With the proposed combination first confirmed in October 2019, the alignment would “create a global leader in the fast-growing online sports betting and gaming industry” asserted Gary McGann, chair of Flutter.
The Irish publication has, however, commented that over the aforementioned time-frame TSG has seen a steady decline at its Dublin headquarters, located in the Cherrywood suburb, from approximately 330 to a total in the region of 260.
This follows both parties publishing a financial update last week, with TSG reporting final quarter struggles across a number of key markets driven by a tough Q4 for the group’s poker business.
Flutter, meanwhile, maintained confidence of achieving a more diversified global business, with revenue for the firm growing 14 per cent to £2.14bn (2018: £1.87bn) as earnings fell 15 per cent to £385m (2018: £451m).
With a number of Dublin-based workers being put on protective notice with December 2020 mooted as a potential end point, others are being notified that positions are phased out with alternatives subsequently offered.
Irish Times sources go on to stress that those individuals choosing to depart outside of the cutback process are not being replaced in this location, with TSG instead opting recruit in its Bulgaria and India offices.

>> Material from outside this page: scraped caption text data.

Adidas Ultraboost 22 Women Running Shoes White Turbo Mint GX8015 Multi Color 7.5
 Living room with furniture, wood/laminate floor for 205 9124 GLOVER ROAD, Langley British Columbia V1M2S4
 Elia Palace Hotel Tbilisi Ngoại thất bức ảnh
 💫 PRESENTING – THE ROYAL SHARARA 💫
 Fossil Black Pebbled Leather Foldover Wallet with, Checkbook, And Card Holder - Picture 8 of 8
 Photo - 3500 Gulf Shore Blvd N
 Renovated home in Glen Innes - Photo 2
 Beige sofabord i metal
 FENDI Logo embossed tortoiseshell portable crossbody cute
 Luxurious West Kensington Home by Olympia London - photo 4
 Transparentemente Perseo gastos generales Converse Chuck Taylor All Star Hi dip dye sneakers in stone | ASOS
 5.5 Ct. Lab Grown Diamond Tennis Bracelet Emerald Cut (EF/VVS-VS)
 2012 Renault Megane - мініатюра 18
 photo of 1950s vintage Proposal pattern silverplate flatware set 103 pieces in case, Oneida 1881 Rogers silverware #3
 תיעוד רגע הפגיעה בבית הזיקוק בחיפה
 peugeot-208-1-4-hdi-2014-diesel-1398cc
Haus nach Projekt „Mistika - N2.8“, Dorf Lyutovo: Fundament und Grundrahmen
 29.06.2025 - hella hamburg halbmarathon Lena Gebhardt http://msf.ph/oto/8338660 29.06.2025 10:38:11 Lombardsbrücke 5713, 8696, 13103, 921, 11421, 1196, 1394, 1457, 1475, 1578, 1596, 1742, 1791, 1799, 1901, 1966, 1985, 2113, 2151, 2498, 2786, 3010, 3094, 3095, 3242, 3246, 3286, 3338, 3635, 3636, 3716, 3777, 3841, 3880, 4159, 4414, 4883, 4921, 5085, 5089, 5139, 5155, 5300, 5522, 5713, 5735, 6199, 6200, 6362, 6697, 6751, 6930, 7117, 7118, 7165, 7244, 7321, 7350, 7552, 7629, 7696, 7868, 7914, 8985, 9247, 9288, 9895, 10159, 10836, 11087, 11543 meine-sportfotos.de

Completion of the combination is currently expected to occur during the second or third quarter of this year, upon which shareholders of Flutter would own approximately 54.64 per cent, with their TSG counterparts owning the remaining 45.36 per cent of the share capital of the combined group.
Flutter commented in its financial report: “We have commenced our integration planning work ahead of our proposed merger with The Stars Group and remain excited about the opportunities that the deal will create for the group.
“In Australia, the Australian Competition and Consumer Commission has confirmed that it has granted its informal approval. The proposed transaction remains subject to approval by the Australian Foreign Investment Review Board as well as further international regulatory bodies in Australia.
“We are continuing to work with the various competition authorities elsewhere globally to obtain the necessary approvals ahead of completion of the transaction.”